Consequently, when you play the game you will blunder your way through missions, sometimes achieving quick success, sometimes achieving quick failure. Worst of all, sometimes you will achieve nothing at all. Each mission, which is composed of a single map and military action point, provides you with a specific number of units for disposal. If all your anti-air planes get shot down, then don’t expect to make more. If you fire off too many rounds (you can decide how trigger happy each individual unit is) and you burn through all your ammo before completing your objective, you will be stuck endlessly circling enemy naval units, powerless to complete your objective.

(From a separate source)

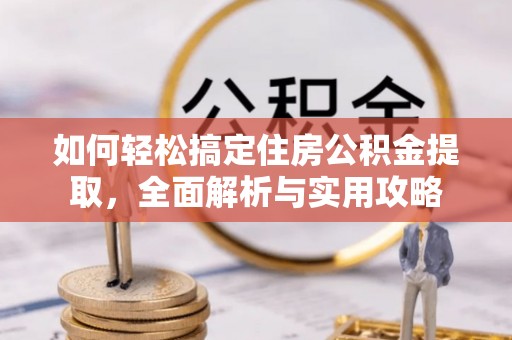 海伦如何轻松搞定住房公积金提取，全面解析与实用攻略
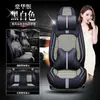 Cojín de Asiento Aplicable Dongfeng Yueda Kia K3S Kia Rondo Cojín de Asiento de Automóvil para Cuatro Estaciones Dongfeng Yueda Kia K5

This makes the game seem difficult, but the reality is that if you do everything correctly you will breeze through every challenge. The realization then that there is a set, specific path to choose, or a particular sequence of events that need to take place in order to win each map basically means that there’s little actual strategy involved. You either did it right and you moved on, or you did it wrong and started over. As an example, the mission where you are tasked with protecting the fishing trawlers, your first step should be to move them out of harm’s way. Failing to do that inevitably results in a submarine ambush which there seems to be no way to prevent, again apart from moving the ships. That isn’t really naval warfare, where you can adapt and adjust tactics to overcome the enemy or recover from a loss. That’s more like Minesweeper, where if you make the wrong clicks in the wrong order, you start over again.
No doubt if you are a military buff, the names and numbers of everything on the right side of the screen will have a great deal of meaning for you and might even stir some excitement, but chances are you won’t recognize any elite piece of hardware taking off from the flight deck of one of your battleships. That’s a shame, because it seems like it could have been a genuinely exciting aspect of the game. In fact, there are many points here that seem like they could have been genuinely exciting. The problem is that the game forces you to bring too much specialized knowledge to the table to find any of that real enjoyment.
Final Score: D+
Compared to:
Hasbro Family Game Night’s Battleship: Battleship has all the same basic premises as Naval Warfare: stealth, detection, strategy. A game of Battleship can last as long as a mission in Naval Warfare. The flaw in Naval Warfare is that there’s no way to recover once you are down, where similarly in Battleship once your opponent has a hit on one of your ships, your only recourse is psychological warfare. What gives Battleship the edge is that when you lose there, you’ll know you shouldn’t have put all your ships together in the middle, whereas if you lose at Naval Warfare, you won’t necessarily know why or what it is that you could have done better. And the graphics in Battleship are more impressive.
Harold and Kumar go to White Castle’s Battleshi(p)s: Much like Naval Warfare, a rousing game of Battleshi(p)s does not have any clear rules that outside observers can understand. While it might have made sense to some, stepping into the middle of either of those games is really much more foul than entertaining. Although eating cheap tacos is a more palatable entry fee than the $5 it will cost to purchase Naval Warfare, you’ll certainly get more out of Naval Warfare in the end. Unless you find some really, really cheap tacos. Possibly from a neighborhood where there are no stray cats.